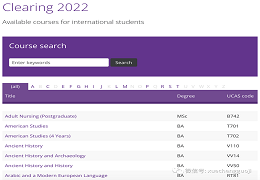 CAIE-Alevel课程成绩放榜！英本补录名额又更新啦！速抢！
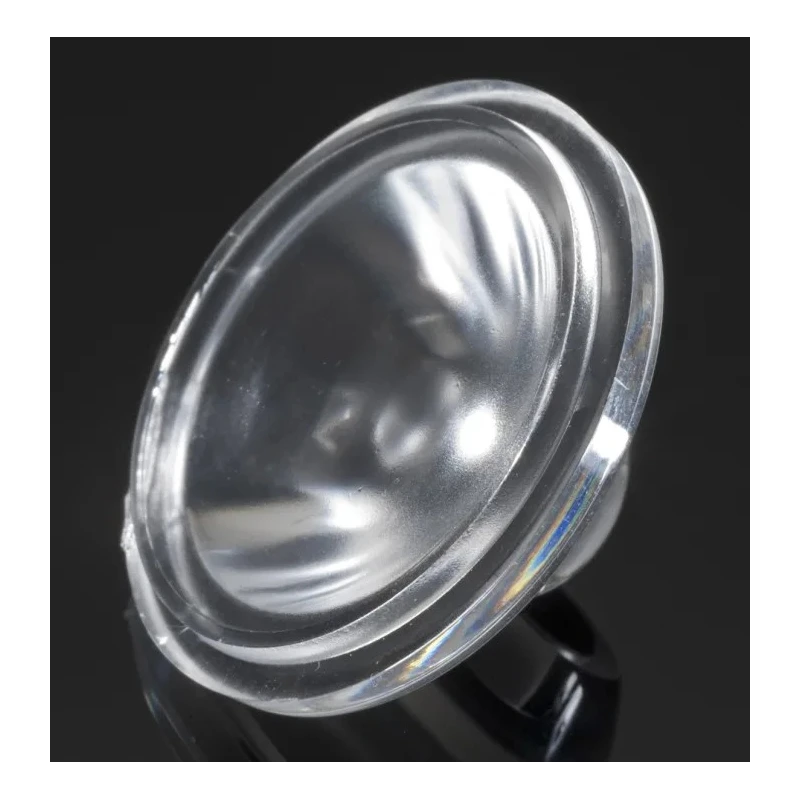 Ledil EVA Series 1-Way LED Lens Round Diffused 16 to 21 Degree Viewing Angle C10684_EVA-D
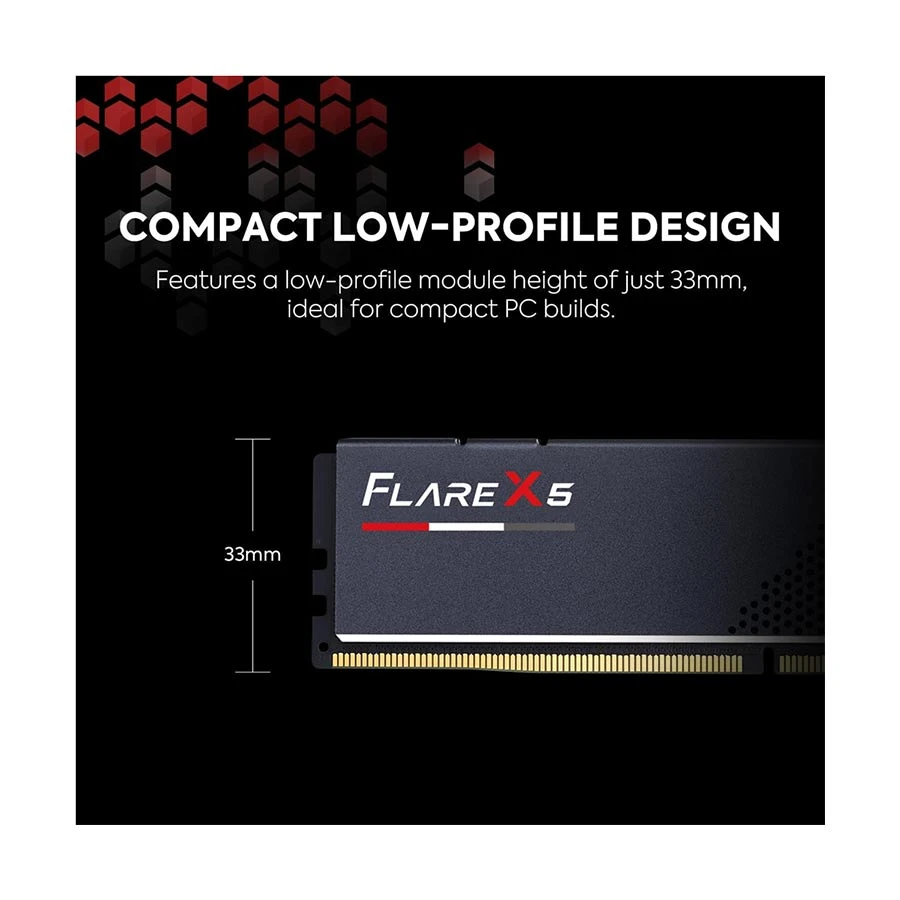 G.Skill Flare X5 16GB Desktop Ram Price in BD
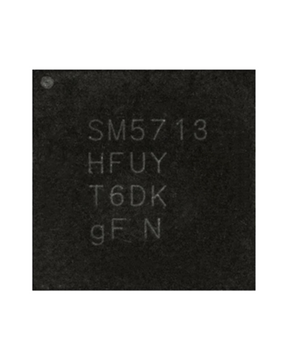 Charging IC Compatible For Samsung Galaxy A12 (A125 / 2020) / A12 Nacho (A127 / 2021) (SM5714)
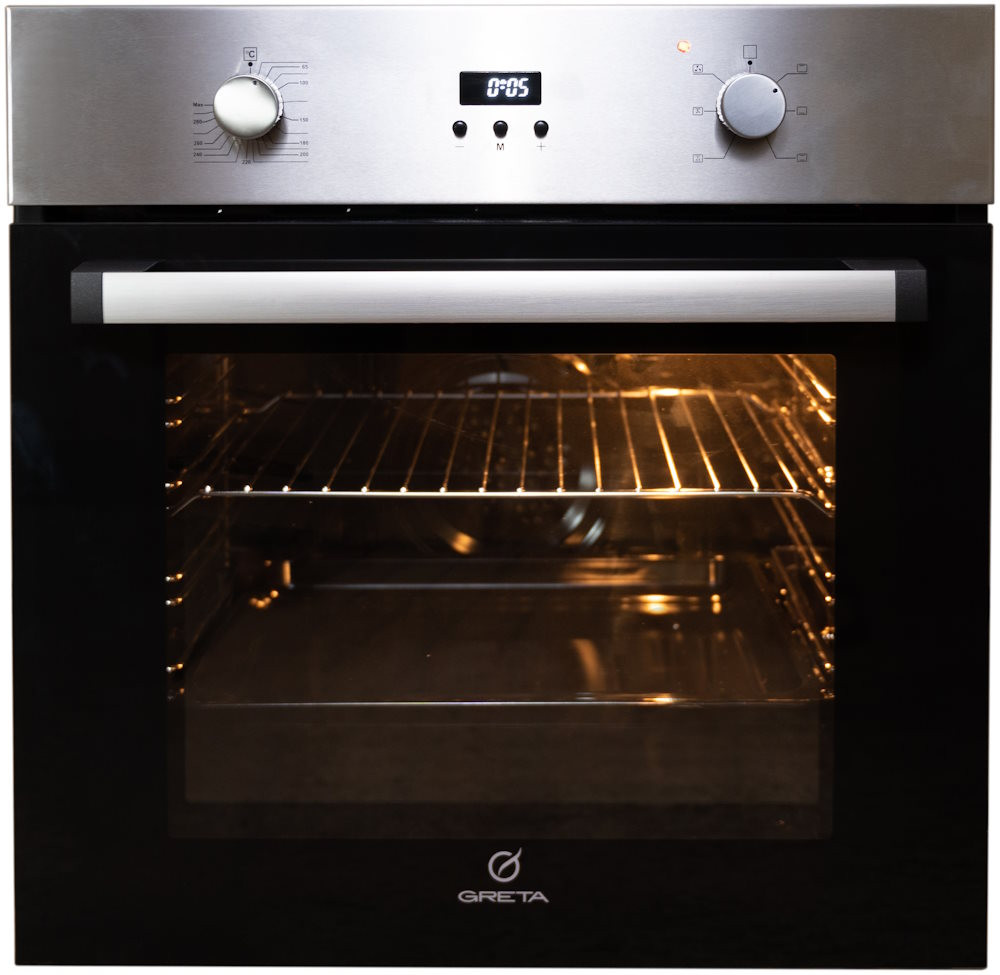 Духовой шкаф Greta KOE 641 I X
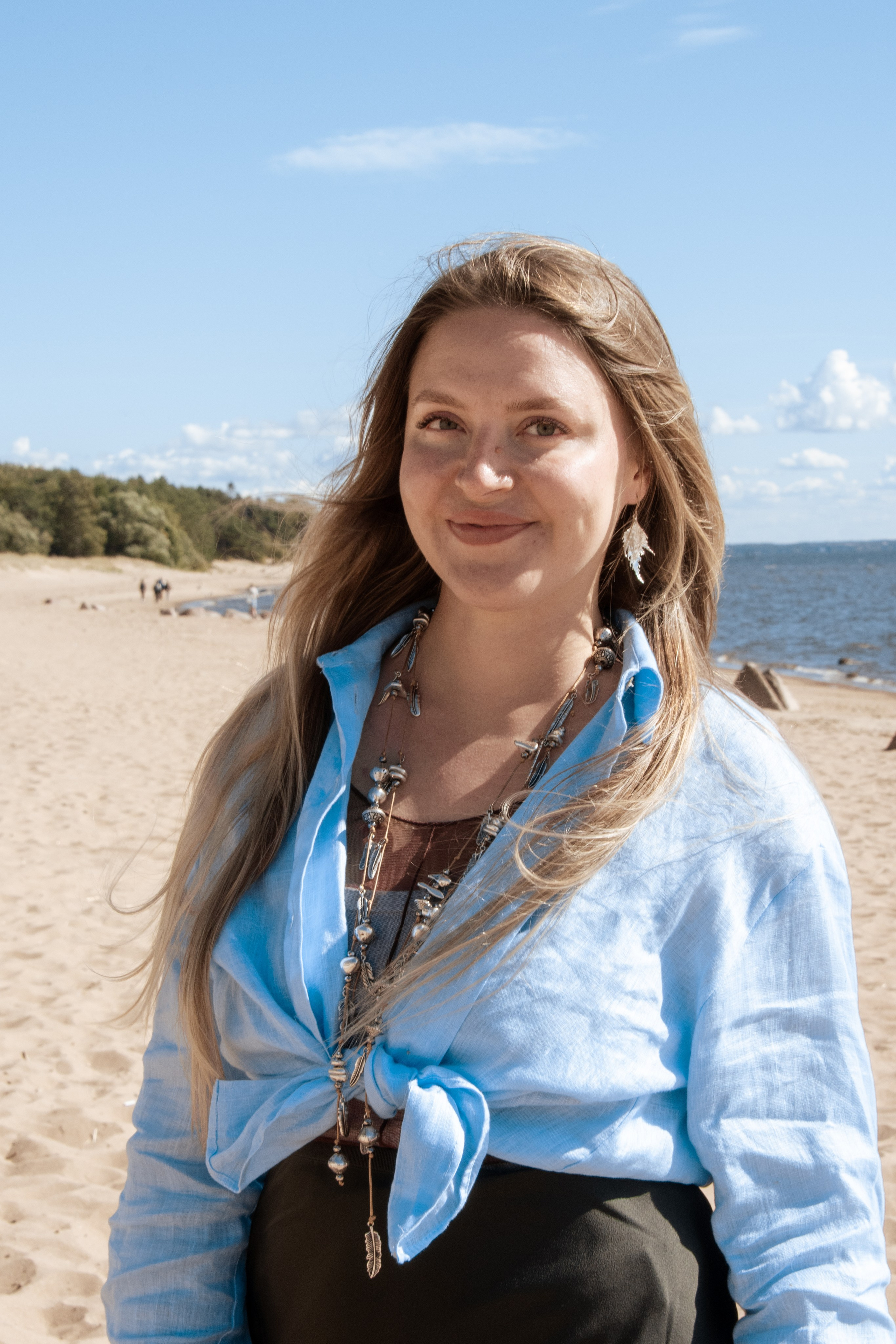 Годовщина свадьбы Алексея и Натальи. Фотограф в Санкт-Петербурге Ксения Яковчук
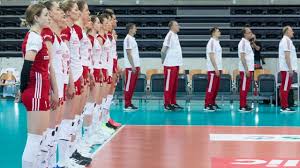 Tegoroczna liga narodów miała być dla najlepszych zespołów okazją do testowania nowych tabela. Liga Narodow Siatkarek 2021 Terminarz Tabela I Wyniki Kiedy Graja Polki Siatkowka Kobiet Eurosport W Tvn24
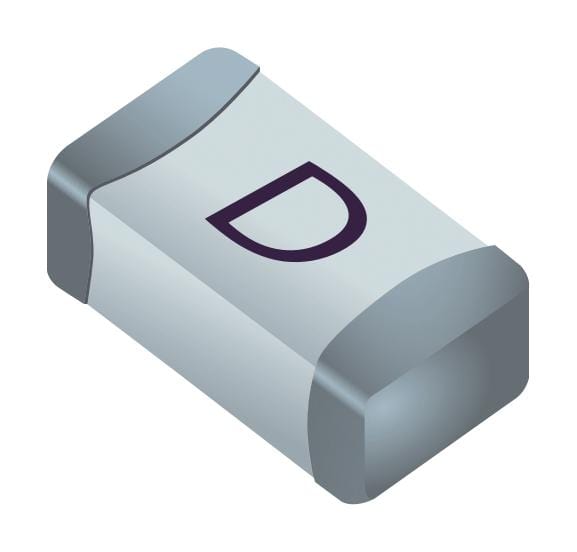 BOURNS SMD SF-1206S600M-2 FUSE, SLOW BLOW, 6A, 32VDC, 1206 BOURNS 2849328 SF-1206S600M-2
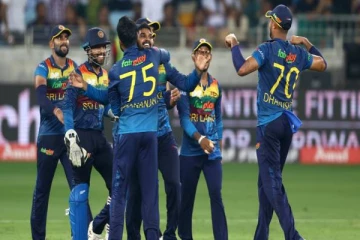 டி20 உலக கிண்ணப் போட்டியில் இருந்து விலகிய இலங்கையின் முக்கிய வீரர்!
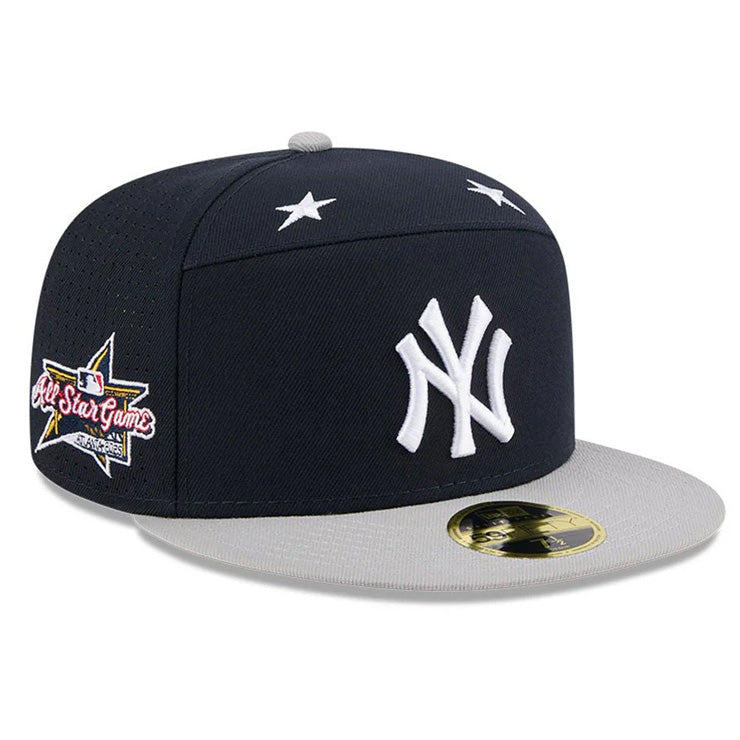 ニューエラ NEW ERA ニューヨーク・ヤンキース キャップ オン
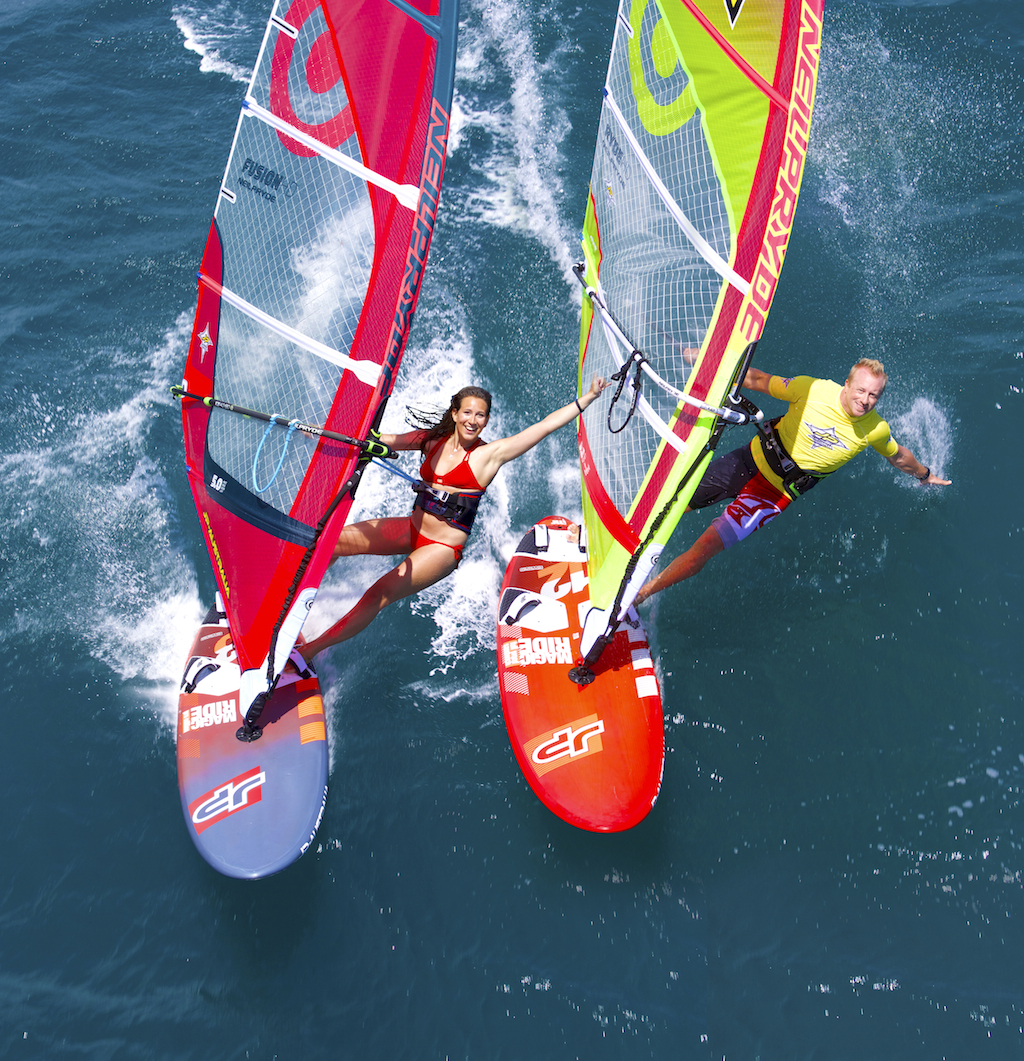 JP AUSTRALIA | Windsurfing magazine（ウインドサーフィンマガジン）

::::::

Goal of the exercise → Reproduce the full material exactly, excluding the pictures.

Response to the exercise →
 CAIE-Alevel课程成绩放榜！英本补录名额又更新啦！速抢！
 Ledil EVA Series 1-Way LED Lens Round Diffused 16 to 21 Degree Viewing Angle C10684_EVA-D
 G.Skill Flare X5 16GB Desktop Ram Price in BD
 Charging IC Compatible For Samsung Galaxy A12 (A125 / 2020) / A12 Nacho (A127 / 2021) (SM5714)
 Духовой шкаф Greta KOE 641 I X
 Годовщина свадьбы Алексея и Натальи. Фотограф в Санкт-Петербурге Ксения Яковчук
 Tegoroczna liga narodów miała być dla najlepszych zespołów okazją do testowania nowych tabela. Liga Narodow Siatkarek 2021 Terminarz Tabela I Wyniki Kiedy Graja Polki Siatkowka Kobiet Eurosport W Tvn24
 BOURNS SMD SF-1206S600M-2 FUSE, SLOW BLOW, 6A, 32VDC, 1206 BOURNS 2849328 SF-1206S600M-2
 டி20 உலக கிண்ணப் போட்டியில் இருந்து விலகிய இலங்கையின் முக்கிய வீரர்!
 ニューエラ NEW ERA ニューヨーク・ヤンキース キャップ オン
 JP AUSTRALIA | Windsurfing magazine（ウインドサーフィンマガジン）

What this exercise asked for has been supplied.